When we’re younger (least when I was) we make all these stupid mistakes..and I think it’s because we just don’t know the answer to those questions yet. So there’s no real line to base our choices on.
I think the scariest part of life is just figuring out what those beliefs and views are.. and from there… who we are.
Then… being confident in that.
That is the hard part.
As much as we’d all like to be able to say that we act the same way around all the different kinds of people we encounter on a day to day basis, that’s not really true. It’s easier to just try to please people. We end up acting how we think they expect us to act.
I hate realizing I’ve been doing that.
But that’s not a fulfilling feeling. I think it’s a really repressive feeling actually.
I’ve never left a party full of people I had nothing in common with, after an hour of trying to fit in and said “Gosh that was fun.” It’s exhausting to try to be someone you’re not.
Sometimes it’s not even intentional…we just naturally want to fit with the people around us..seems pretty normal I guess.
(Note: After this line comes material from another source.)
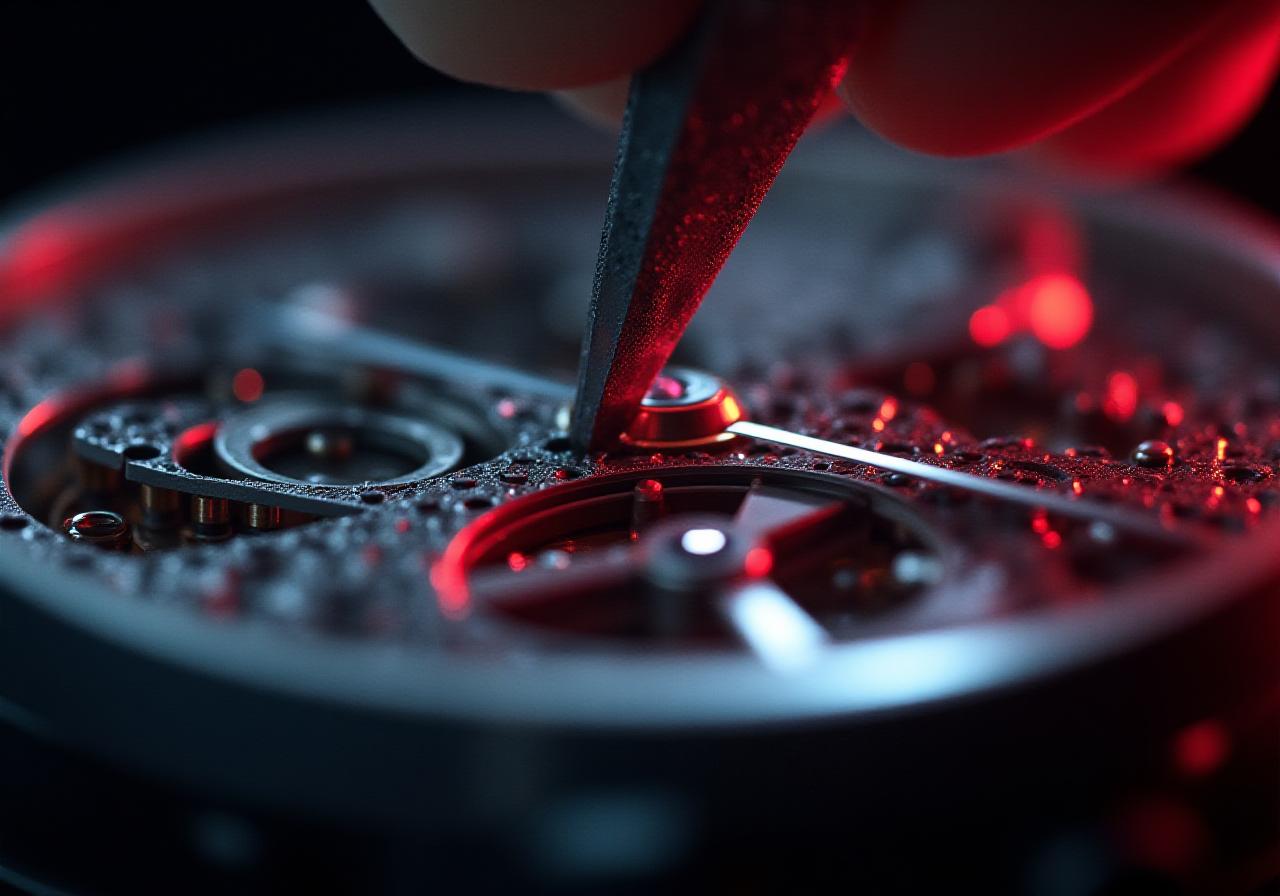 Close up of bespoke watch movement assembly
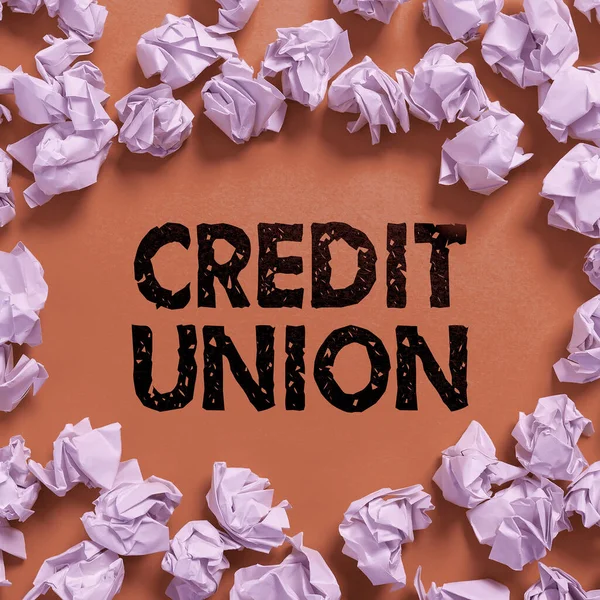 Texto Mostrando Inspiração Credit Union Business Showcase Cooperativa Associação Que — Fotografia de Stock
But this year…I want it to be different.
I want to be the same person around everyone. . . . laugh at all the things I think are funny at the moment I think they are…my real laugh…the loud one…and not feel like I should censor what’s funny to me because other people might not think it’s quite as hysterical. I’m no longer going to hesitate to assskkk what this most recent silly ‘current event’ that everyone seems to know every weird detail about is.
I hate it when people say things like “Wait, you didn’t know about that??” [implication, of "you idiot"] or the classic… “You don’t know that band?!”
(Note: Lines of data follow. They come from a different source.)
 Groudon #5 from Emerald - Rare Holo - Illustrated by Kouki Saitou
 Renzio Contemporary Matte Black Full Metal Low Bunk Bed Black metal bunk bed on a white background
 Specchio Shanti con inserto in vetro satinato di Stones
oh shut up. I’m gonna ask, if I don’t know. I guess I didn’t watch Entertainment tv this morning..pf.
I wanna talk about what matters to me and not tip-toe around it, while still being able to listen and ask questions about what’s important to other people. I’d like to be able to openly admit my faults or explain what it is that I love without feeling like I’m on the chopping block for criticism…or needing to explain myself quickly because of someone’s response or off handed facial expression.
I’d just like to be able to know that keeping up appearances is simply unnecessary because I only have one. And no matter what setting I’m in, whether that be at church.. or a bar at 1am, sitting in my living room, or singing on a stage…I’m no different in any of those places than the others.
This year, I really want people to be able to expect one thing from me…my goofy, random self…with no apologies and no big effort to be cool or trendy or seem like I’m something that I’m just not. Life is too short.
I’m done with pleasing people for no reason at all. I love people…for every quirk and oddity…I think those things about all of us are what really matter. And maybe if mine are more visible, someone else will feel more comfortable with theirs being out there too.
I’m just me. . .take it or leave it. So I guess that’s my “resolution.”
The world would be one boring place if we were all the same. So “let’s get weird” this year.